Playing “Moneyball” to Drive Returns
The Lancer Group and PEI announced plans to produce a series of four research reports entitled “Human Capital Moneyball- Linking Talent to Private Equity Deal Outcomes.” The reports aim to use data to vet common assumptions around the search for portfolio company CEOs and CFOs and offer guidelines for hiring executives who truly create value.
Much like in baseball, searches for C-suite All Stars are the same as they’ve ever been, and just as much of a gamble, like baseball’s previous reliance on talent scouts. Famed baseball executive Billy Beane revolutionized recruiting by focusing on data in building a team on the cheap, delivering a playoff run for the Oakland A’s for the fraction of their competitors’ payrolls.
The Lancer Group and PEI are gathering and analyzing data from recent successful transactions to discern the hidden metrics that can improve hiring decisions. Over the coming months, four research reports will be issued to offer a “moneyball” approach to human capital problems at private equity portfolio companies.
And the problems are real. PEI and the Lancer Group estimate that billions of dollars of value have been lost due to hiring the wrong person to lead portfolio companies. One private equity manager they spoke with admitted that it’s hard to discern if their latest hire is creating value until they’ve been observed on the job for months. Private equity might have evolved their financial engineering tactics over the years, but they’re often hiring talent with the same tactics as fifty years ago: paper profiles, interviews, references and assessment testing.
While the PE industry has heeded industrial psychology’s focus on “soft skills” with aptitude and personality tests, the reports seek to challenge those assumptions, along with several others. For example, the research will test whether prior private equity experience is relevant for portfolio company CEOs, or whether candidates from elite universities fare better than those from less illustrious institutions.
The data hunt will involve a deep dive into successful portfolio investments and the role human capital played in each, along with an analysis of the CEOs and CFOs that led those winning companies.
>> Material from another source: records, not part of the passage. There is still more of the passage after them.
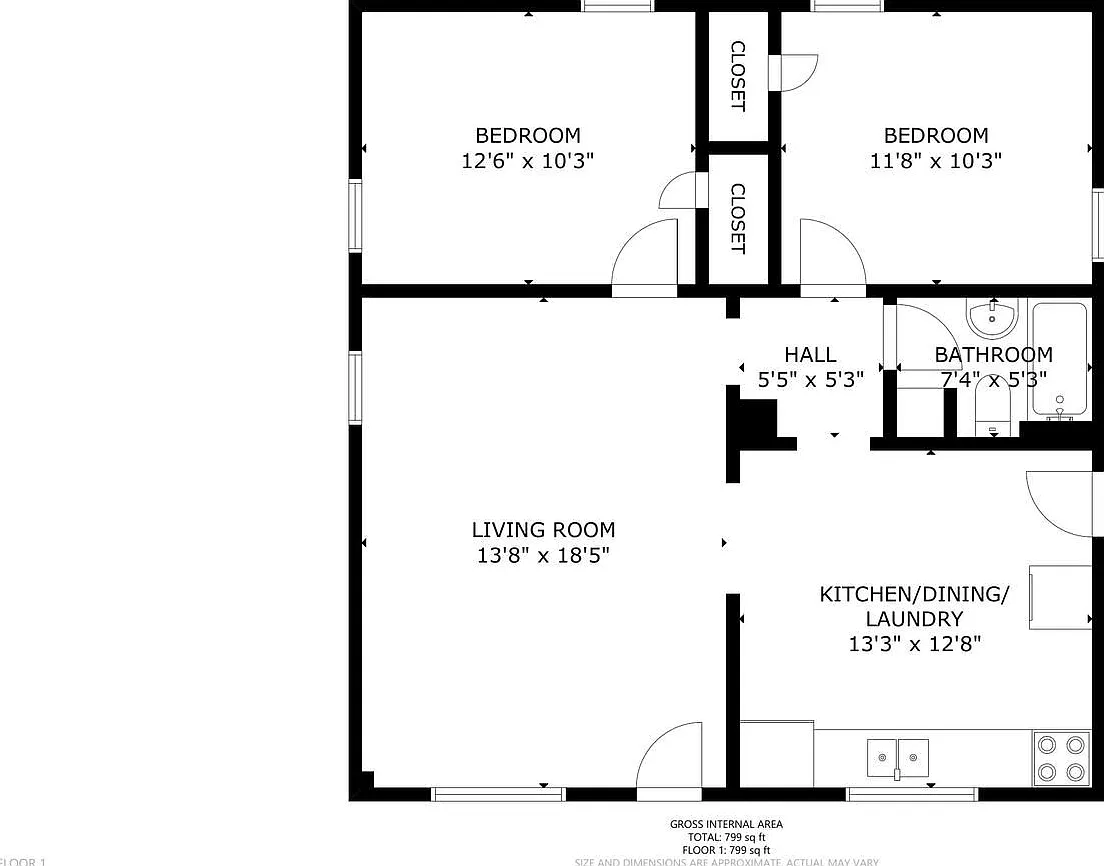 2 bed, 1.0 bath, 840 sqft, $950 — Photo 3
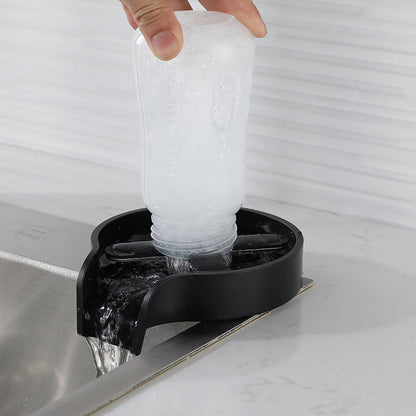 Cup washer with sink for home bar counter, stainless steel rinsing basin and spray nozzle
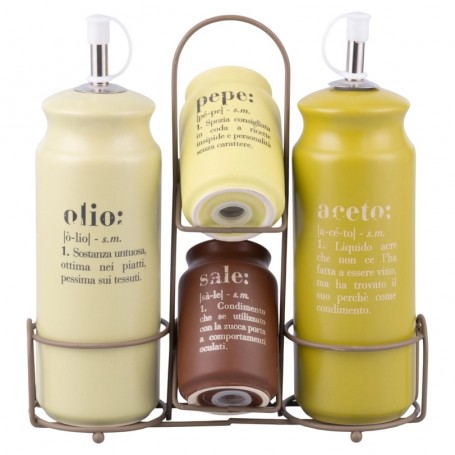 SET CONDIMENTO VERDE C/STAND IN METALLO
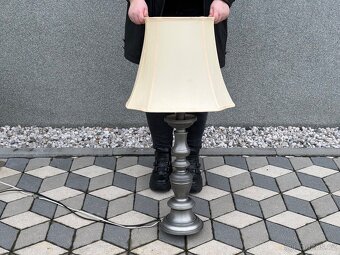 Veliká cínová stolní lampa výška 96cm - 7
That work will be published as four research reports over the course of 2017. The first will share case studies of successful investments and their human capital component, the second will focus on research into portfolio company CEOs, the third will report data into CFOs, and the fourth will offer best practices for both GPs and LPs, given how many investors are starting to make direct investments or up their co-investment activity.